We can figure out the initial volume backwards from the final conditions using the ideal gas law (P*V=n*R*T).

We want to use the ideal gas constant that corresponds to the given units. R=0.08206 L atm /(mol K).

First we should solve for n, the number of moles using the formula n= P*V / (R*T)

Using the final conditions of P_{F} = 1.2 atm, V_{F} = 48 Liters, and T_{F} = 320 K, we get n = 2.19 moles.

It's important to know that for a closed, non-reacting volume of a gas, the number of moles, n, is a constant no matter how the conditions change. So, now that we know n, we can solve for the initial volume by rearranging the ideal gas law again. V= (n*R*T)/P.

Using the initial conditions of T_{I} = 325 K, P_{I} = 0.5 atm, and n= 2.19 moles, we get V_{I} = 117 L.

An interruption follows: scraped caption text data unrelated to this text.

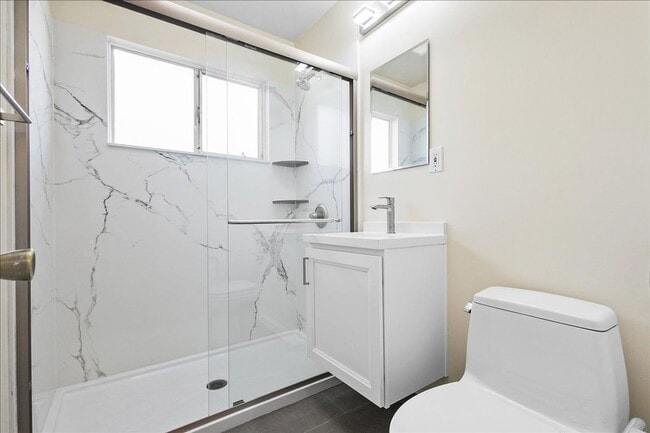 Building Photo - 2208 Buena Vista Ave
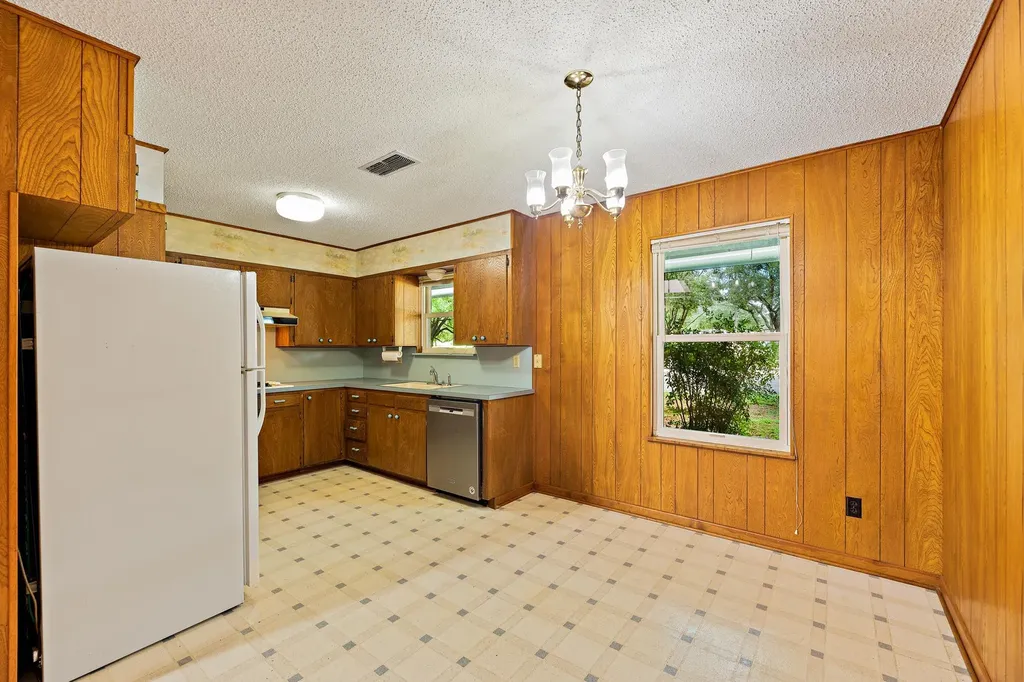 215 Memorial Drive Luling TX 78648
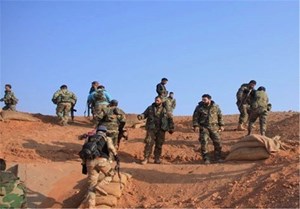عبدالباری عطوان تحلیل کرد؛ غافلگیریهای بسیاری در راه است/ راز تسلیم ناگهانی ارتش سوریه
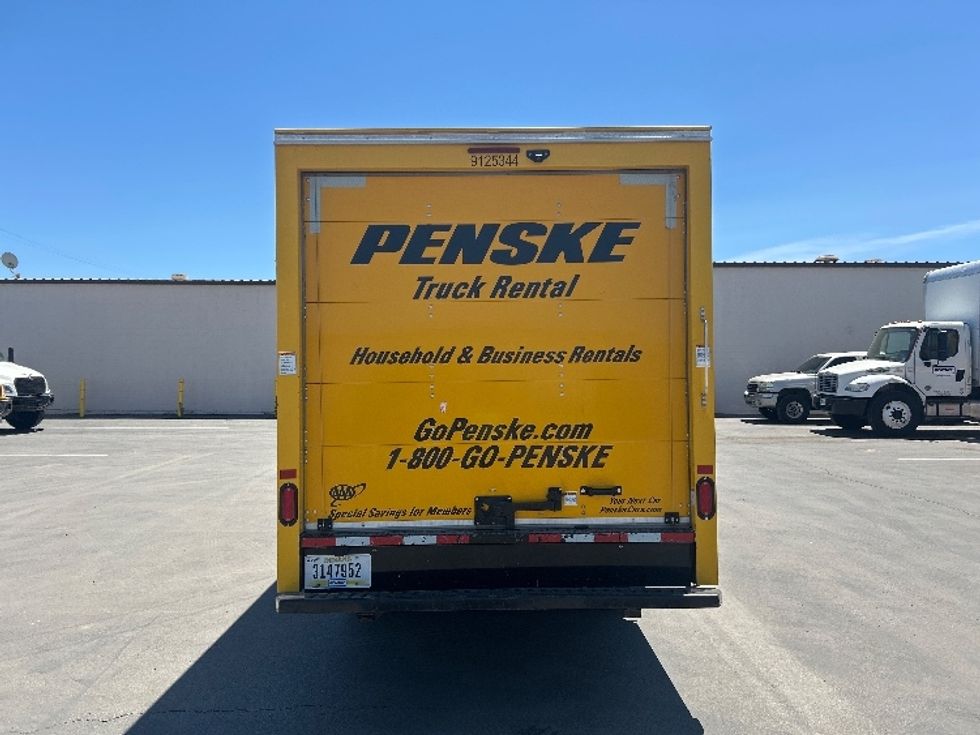 Light Duty Box Truck-Light and Medium Duty Trucks-GMC-2021-Savana G33503-Fresno-CA-101,956\n\t\tmiles-$ 25,750 - Image 7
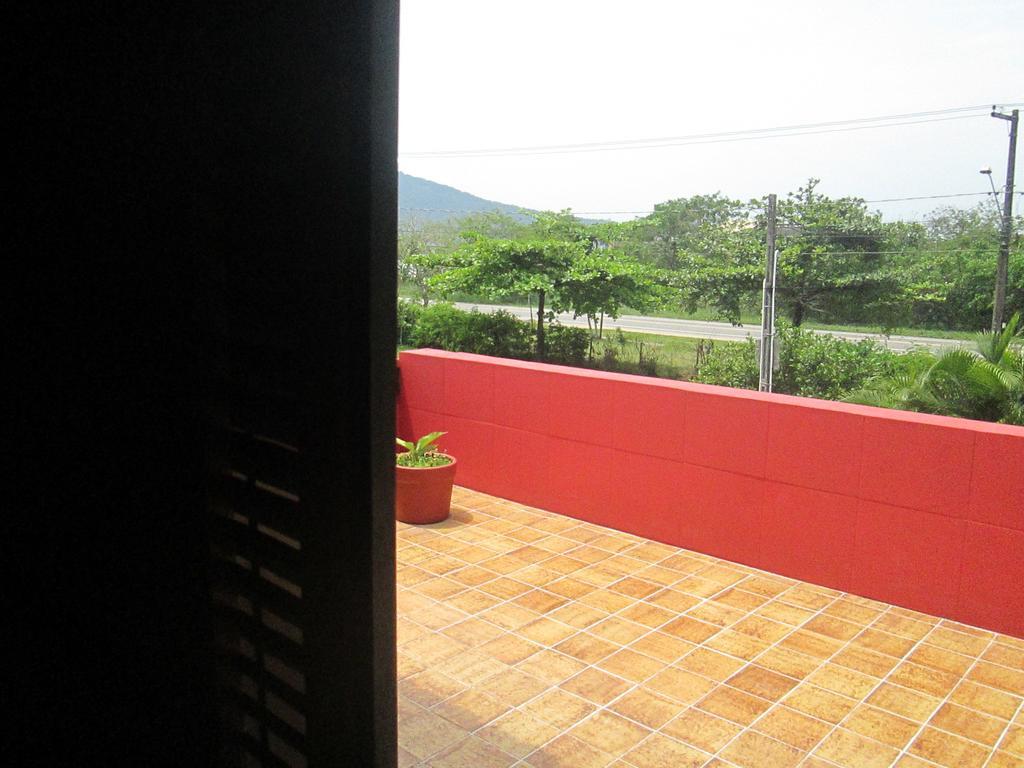 Dormitórios Praia da Lagoinha Ubatuba Quarto foto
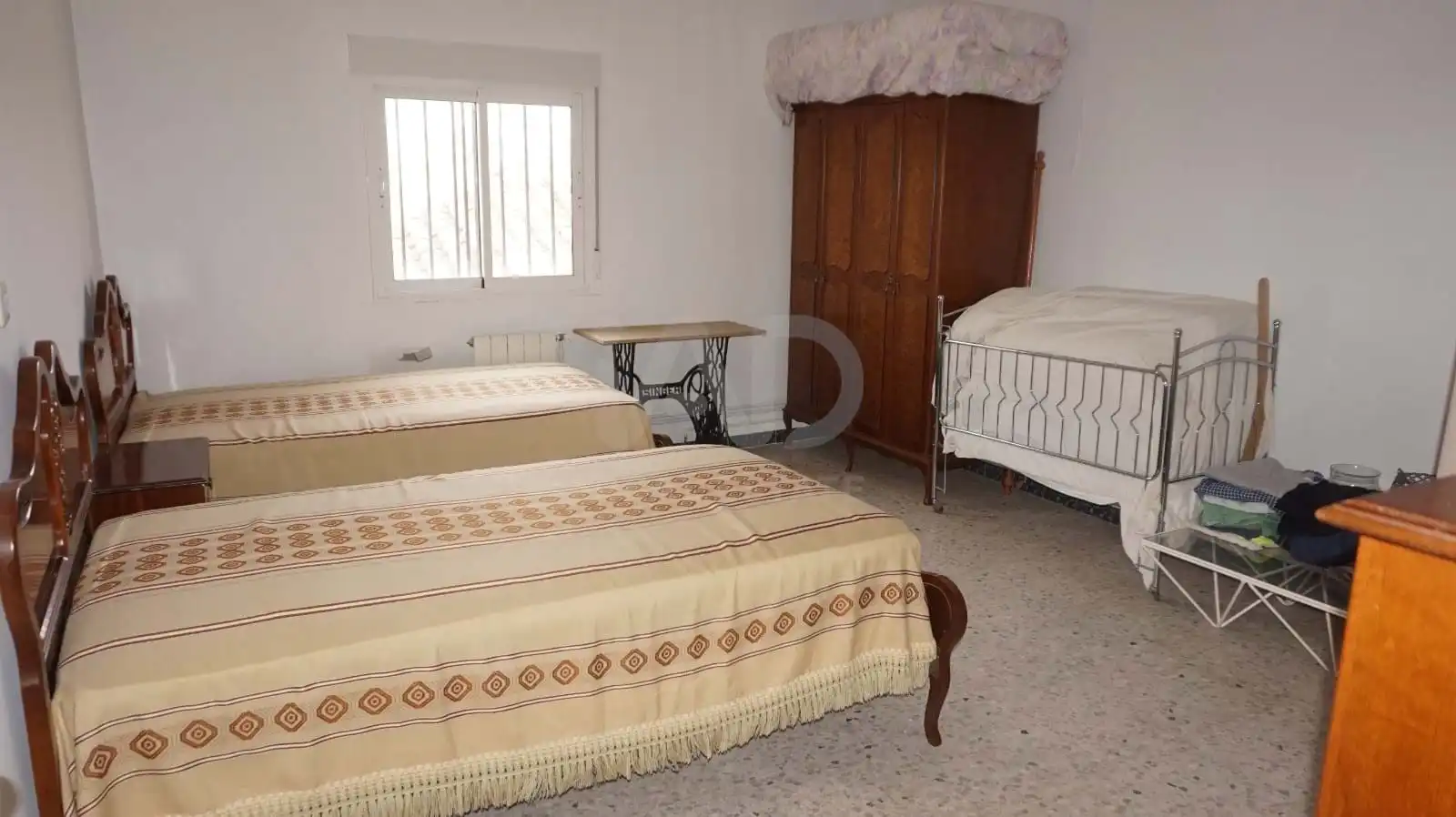 Habitación de Casa adosada en venta en Alamedilla con Calefacción y Terraza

Another easier and quicker method of solving this uses the fact that both the ideal gas constant and n are constants. From the ideal gas law this means P*V / T = n*R = constant. Therefore P_{I}*V_{I} / T_{I} = P_{F}*V_{F} / T_{F}.

We rearrange to solve for initial volume: V_{I }= P_{F}*V_{F}*T_{I }/ (P_{I}*T_{F})

Using this method we get the same answer V_{I}=117 L, without having to solve for n, the number of moles or using the ideal gas constant. Hope this helps!